Ged Roddy: A decade of EPPP - and what the future could hold

Ged Roddy was Director of Youth at the Premier League

Ged Roddy was Director of Youth at the Premier League

BLOEMFONTEIN and a moment in time.

This was the game of the ghost goal, the 4-1 defeat to Germany; 27th June 2010. It was a moment of existential crisis for English football - or at least that was the way the media presented it.

For me in my role at the Premier League, it was probably a blessing in disguise, because from that moment onwards there was, for the first time, a feeling of the need to make change.

There was a recognition that the Football League, Premier League and Football Association would have to come together, working with their clubs, to create some sort of shift in a system that had had no change in over 14 years.

So, in May 2011, this document was produced - the Elite Player Performance Plan - and distributed around the game. It wasn’t plain sailing. There were some massive challenges to convince people of the benefits of the proposals and the debates were robust.

Ged Roddy is currently the Technical Director at Charlton Athletic. In 2009, he became the Premier League's first Director of Youth and launched the Elite Player Performance Plan (EPPP) in 2011. This transformed youth development in England.

To look at the document itself would take all day, because it’s a detailed technical manual, but you can condense it down into two slides. The first is the vision for the system - to produce more and better homegrown players.
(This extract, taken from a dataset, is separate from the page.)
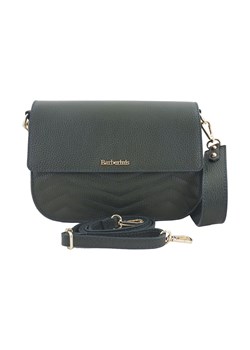 Torebka skórzana crossbody włoska - Zielona ciemna ze sklepu Barberinis w kategorii Listonoszki - zdjęcie 177924990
And beyond that, it was to try and affect the staff working in the Academy system, centred around the players, and to build a new and different environment.

To do that, we identified, as a community of coaches, managers and executives, six critical success factors (shown below). I'll go through each of those in turn:

1. More and better homegrown players

When I started this process and went on the road around the clubs, particularly to the Premier League, more often than not I would hear this comment - ‘There is no English talent, so we have to shop abroad.’

Probably the biggest challenge of the whole project was to change people’s mindset and convince them that English players had the talent and were capable. Any of the other changes we wanted to initiate could not be made unless we achieved that first step. That took time and it was a long process.

Perhaps the biggest achievement of the project was that we moved the executives who sat around the Board tables at the Premier League and Football League to a position where they would say, ‘Yes we have the talent now, but we don’t have the pathway.’

Gareth Southgate has had a profound impact on our game, not just as the England manager but from the outset of this project, when he was the FA's Head of Elite Development. Gareth acted as a catalyst for bringing people together.

I always felt we could produce better players with the investment and systems that were being put in place but I always worried about the ‘more’. Gareth and (former FA Technical Director) Dan Ashworth were always very keen to hold out feet to the fire in terms of the more, as critical friends.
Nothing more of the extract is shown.